Thursday, December 10, 2009

The Favelas, Infra-Structural Development, and the Eco-Wall: Good and Bad Manifestations of the Brazilian State

To build on Erik's post below, I wanted to add a little more on the so-called "eco-wall" put up around a favela in Rio. In addition to the report that CNN put up (it was actually the major story on when I woke up yesterday morning, much to my shock and satisfaction, as stories about the favelas, and particularly the repression they face, are usually buried deep within CNN's site), there was another report that involved eyewitness journalistic accounts of the favela, which was not too far from where I lived in Rio (within 10 minutes, I could see the favela, and within 20 minutes, I could be in it).

For all of the talk of how "violent" the favelas and their residents are, I thought this part of the journalist's account was worth highlighting:
According to officials it’s an “ecobarrier” built to protect the surrounding rainforest, but a lot of people we talked to were offended.

They felt they were being caged in and saw it as an attempt to further separate the crime-ridden slums from the affluent condos on the beaches below.

But what struck me was just how safe Santa Marta was.

When I lived in Rio eight years earlier it was unthinkable to enter any favela without a police escort.

At night you could hear shoot-outs between rival drug gangs and nearby neighborhoods complained of “lost bullets” that tore through their homes while they slept.

That’s changed with Rio’s “pacification” plan. Santa Marta is one of the favelas that’s been occupied by police. They built a permanent headquarters in the community and have set up checkpoints where gangs used to sell drugs.

We actually saw very few police when we hiked along the winding paths, but the sense of security was palpable.

I commented on this "'pacification' plan" a couple of days ago. I don't know how "accurate" this journalist's report is - it is possible that it was just a particularly peaceful time when he was there, or that this was "pra ingles ver" ["for the English to see"], as they say. Still, I think there's a very real chance that his sentiment reflects the broader atmosphere in Santa Marta, and if what he saw and felt were the permanent conditions in Santa Marta, then I think the new approaches of the police may actually be working, at least in this favela.

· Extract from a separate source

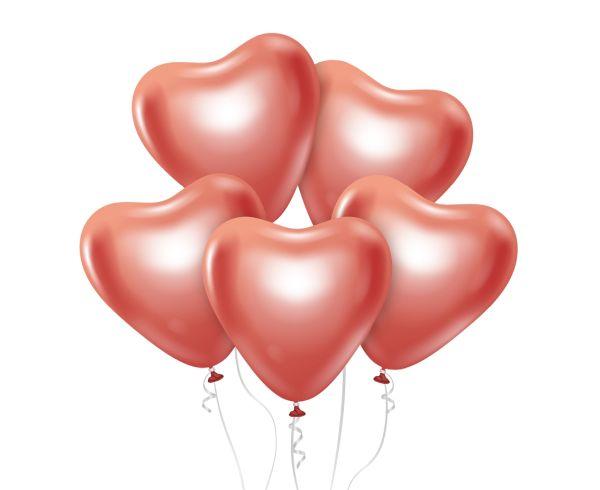 BALONY BEAUTY&CHARM PLATYNOWE CZERWONE SERCA 12' A'6 WALENTYNKI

I've long said that infrastructural development in the favelas would be central to a shift in the policy towards Brazil's poor and marginalized; it seems that Santa Marta has only reinforced that suggestion.

That said, I think the eco-wall is absolutely the wrong kind of infrastructure to establish in the favelas. As I said in comments to Erik's post, I think the problems with the eco-wall are twofold. It was nearly impossible for Santa Marta to spread into the forest due to its location - the mountains around it are simply too steep. While the favela did manage to creep into a part of the mountains, the settled area is already steep enough that they have to have a tram to take residents from the bottom of the hill to the top. In that part of Rio (Botafogo), the mountains simply are unable to even support favelas, so deforestation for settlement is near impossible. My second problem (as much with the article Erik originally commented on, as well as the broader question at hand) is that it treats eco-protection and segregation as an "either/or" proposition, when it's not. It's absolutely possible (and, in this case, likely) that you could do eco-protection while (further) marginalizing sectors of society. Ultimately, this to me is segregation, plain and simple: where Santa Marta is located butts up against the federally protected forest of Tijuca, which is the largest urban forest in the world. What is more, Santa Marta simply cannot expand, and really hasn't - it was the same this past summer when I went to Brazil as it had been when I was first there in 2005. If this were an earnest effort to protect the environment without segregating the poor, it would have happened elsewhere in the city - not Botafogo.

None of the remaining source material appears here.